(Items listed in a dataset)
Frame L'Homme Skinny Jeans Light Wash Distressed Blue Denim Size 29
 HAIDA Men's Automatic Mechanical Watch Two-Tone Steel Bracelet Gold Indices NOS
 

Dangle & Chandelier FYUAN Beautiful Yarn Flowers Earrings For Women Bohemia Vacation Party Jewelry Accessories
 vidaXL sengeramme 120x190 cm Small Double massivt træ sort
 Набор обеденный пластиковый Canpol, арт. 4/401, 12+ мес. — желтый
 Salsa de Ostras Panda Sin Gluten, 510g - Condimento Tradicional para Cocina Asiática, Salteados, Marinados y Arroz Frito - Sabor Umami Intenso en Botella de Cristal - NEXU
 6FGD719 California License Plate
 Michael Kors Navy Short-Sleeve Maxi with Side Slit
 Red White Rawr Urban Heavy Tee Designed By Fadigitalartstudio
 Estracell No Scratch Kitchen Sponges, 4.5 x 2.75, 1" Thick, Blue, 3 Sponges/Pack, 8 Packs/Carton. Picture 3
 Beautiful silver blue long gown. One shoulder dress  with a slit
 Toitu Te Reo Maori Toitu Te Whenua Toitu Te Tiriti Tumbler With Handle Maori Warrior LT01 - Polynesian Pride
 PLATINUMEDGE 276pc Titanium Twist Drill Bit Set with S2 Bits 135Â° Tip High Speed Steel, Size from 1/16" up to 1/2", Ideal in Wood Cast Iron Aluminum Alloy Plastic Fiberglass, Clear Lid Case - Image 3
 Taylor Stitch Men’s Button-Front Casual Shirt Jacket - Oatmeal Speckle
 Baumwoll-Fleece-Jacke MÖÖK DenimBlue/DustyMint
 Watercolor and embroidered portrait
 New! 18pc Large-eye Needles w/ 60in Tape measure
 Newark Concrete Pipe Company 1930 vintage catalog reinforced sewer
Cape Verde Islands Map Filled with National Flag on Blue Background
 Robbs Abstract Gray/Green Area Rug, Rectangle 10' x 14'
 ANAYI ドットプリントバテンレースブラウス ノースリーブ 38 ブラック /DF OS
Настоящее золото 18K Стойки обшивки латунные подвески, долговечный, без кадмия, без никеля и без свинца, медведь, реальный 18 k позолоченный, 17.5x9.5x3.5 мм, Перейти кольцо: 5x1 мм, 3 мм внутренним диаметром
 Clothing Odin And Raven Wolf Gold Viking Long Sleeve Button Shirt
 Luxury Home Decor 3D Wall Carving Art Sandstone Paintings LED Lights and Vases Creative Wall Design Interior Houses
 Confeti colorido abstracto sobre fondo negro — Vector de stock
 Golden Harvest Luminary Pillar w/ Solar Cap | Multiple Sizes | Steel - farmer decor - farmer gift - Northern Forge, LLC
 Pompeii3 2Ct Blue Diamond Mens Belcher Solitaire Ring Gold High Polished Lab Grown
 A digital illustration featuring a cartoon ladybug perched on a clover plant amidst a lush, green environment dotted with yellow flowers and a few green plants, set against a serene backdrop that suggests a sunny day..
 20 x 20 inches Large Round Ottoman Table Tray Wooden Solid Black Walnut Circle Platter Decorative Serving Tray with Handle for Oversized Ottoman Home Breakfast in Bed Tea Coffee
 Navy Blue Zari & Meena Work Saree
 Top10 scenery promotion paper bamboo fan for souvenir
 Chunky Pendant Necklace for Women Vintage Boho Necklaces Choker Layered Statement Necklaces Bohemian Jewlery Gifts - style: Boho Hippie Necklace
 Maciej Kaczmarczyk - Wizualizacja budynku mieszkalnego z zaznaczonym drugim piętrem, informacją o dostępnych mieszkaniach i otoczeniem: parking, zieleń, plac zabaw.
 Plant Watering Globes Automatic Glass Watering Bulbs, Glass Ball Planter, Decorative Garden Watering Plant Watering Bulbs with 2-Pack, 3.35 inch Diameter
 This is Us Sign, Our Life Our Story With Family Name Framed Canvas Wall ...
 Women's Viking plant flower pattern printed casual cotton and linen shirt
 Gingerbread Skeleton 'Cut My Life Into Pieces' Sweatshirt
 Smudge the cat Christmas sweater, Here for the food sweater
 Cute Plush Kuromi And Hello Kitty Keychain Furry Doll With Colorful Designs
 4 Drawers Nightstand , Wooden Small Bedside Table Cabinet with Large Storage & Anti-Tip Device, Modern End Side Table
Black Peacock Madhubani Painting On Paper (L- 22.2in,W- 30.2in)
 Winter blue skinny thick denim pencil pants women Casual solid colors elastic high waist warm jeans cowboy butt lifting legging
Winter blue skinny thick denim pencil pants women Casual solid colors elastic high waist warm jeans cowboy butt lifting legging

* Exercise goal:
Look above for the line containing "Estracell No Scratch". Output from there through the line containing "Beautiful silver blue", exactly and inclusively.

* Answer to this task:
 Estracell No Scratch Kitchen Sponges, 4.5 x 2.75, 1" Thick, Blue, 3 Sponges/Pack, 8 Packs/Carton. Picture 3
 Beautiful silver blue long gown. One shoulder dress  with a slit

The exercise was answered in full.